Gruseliger Oktober zu Halloween. Hexen, verrückte Professoren und Zirkusdirektoren, in "Lisas Haus des Horrors". Foto: Britta Drees
Gruseliger Oktober zu Halloween. Hexen, verrückte Professoren und Zirkusdirektoren,
in „Lisas Haus des Horrors“. Foto: Britta Drees

lb/pm Cloppenburg Die Stadtjugendpflege und ihre vielen ehrenamtlichen Helfer blicken gemeinsam auf eine abwechslungsreiche zweite Jahreshälfte zurück. „Unser Herbst-/Winterprogramm musste ein wenig kleiner ausfallen, da wir zusätzlich noch den Jugendtreff im Mehrgenerationenpark (JiM) vertretungsweise an zwei Tagen in der Woche geöffnet haben“, so Stadtjugendpflegerin Daniela Weitert. Einige Ausflüge und Aktionen konnten zum Glück stattfinden. Zum Beispiel Besuche im Movie Park Bottrop oder Jump House Bremen. Auch handwerkliches Geschick bei „Rund um den Kürbis“, oder „Die perfekte Minute“ mit den Ehrenamtlichen der Feuerwehrkapelle Cloppenburg sowie der Besuch des Alpaka Hofes in Cappeln rundeten das bunte und umfangreiche Programm des Rote Schule-Teams ab. 

Besonders gruselig ging es Ende Oktober mit einem Halloween-Wochenende zu. Die Rote Schule, verwandelt in „Lisas Haus des Horrors“. Eltern, Geschwister und Freunde erlebten gemeinsam Gruselgasse mit Hexen, verrückten Professoren und Zirkusdirektoren.

Das Kultur auch zur Jugendpflege hört, zeigte die Kindertheaterreihe „Spielwiese“. Kindgerecht innere Werte vermitteln, wie Ehrlichkeit, Freundlichkeit oder Konfliktfähigkeit.
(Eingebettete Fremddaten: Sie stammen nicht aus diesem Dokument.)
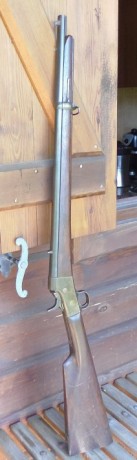  Hilo para colocar fotos, de esas armas de pólvora negra que tanto nos gustan y tenemos bien cuidadas, 130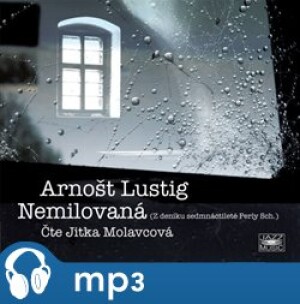 Product detail of Nemilovaná, mp3 - Arnošt Lustig
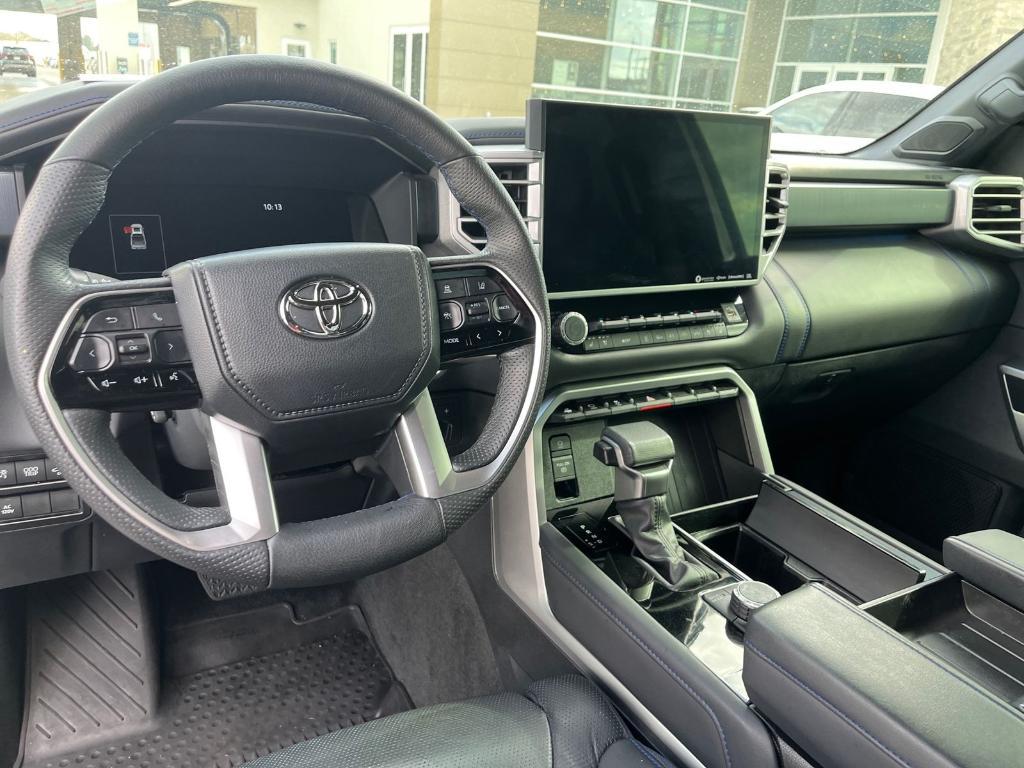 used 2023 Toyota Tundra Hybrid car, priced at $61,339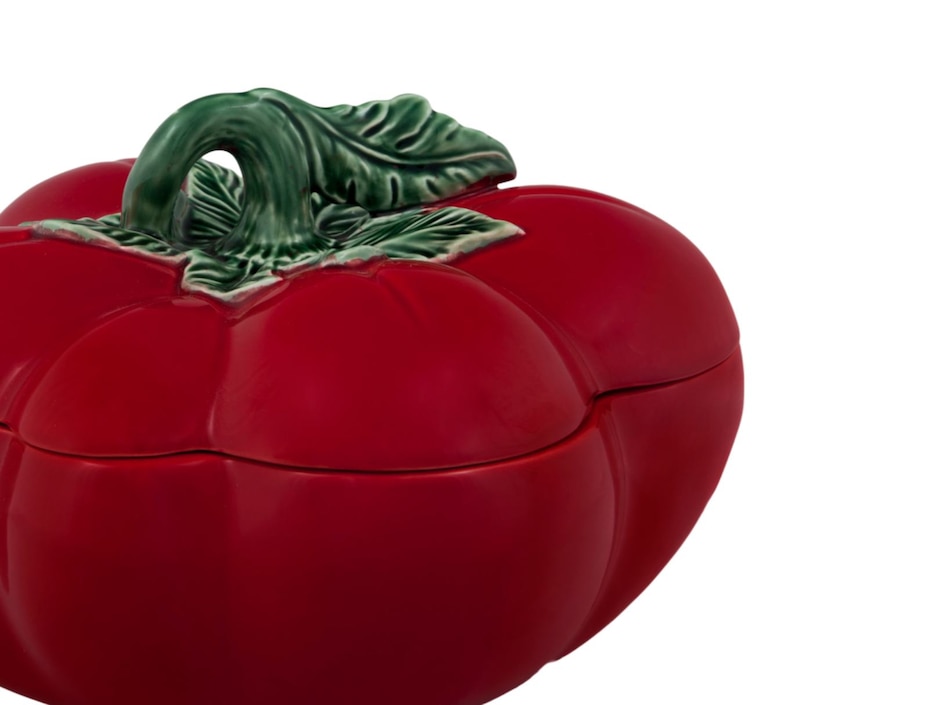 Sopera Bardallo Pinheiro Tomate roja 4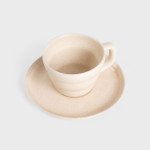 Чаша с чиния HOMLA CHERYL 200 мл.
Mit „Der kleine Flontsch“ vom Theater Blauer Mond aus Göhrde lernten die kleinen Teilnehmer hier sehr viel dazu. 

Für Aufsehen sorgte zum Jahresende dann eine „Nikolaus-Challenge“. Alternativ zum ausgefallenen Laternenumzug waren im Stadtgebiet verschiedene Stationen aufgebaut. Die Familien erledigten jeweils kleine Aufgaben und zum Abschluss gab es dann bei der Roten Schule ein Geschenk vom Nikolaus. Die Backaktion „Plätzchennotruf 24-12“ sorgte mit leckerem Duft in der Roten Schule bei Kindern und Erwachsenen  für herzhaftes Lachen.

Ab Montag, 10. Januar, startet man gemeinsam mit der Programmplanung 2022. Zeitgleich verstärkt dann auch ein neuer Mitarbeiter den Jugendtreff im Mehrgenerationenpark (JiM).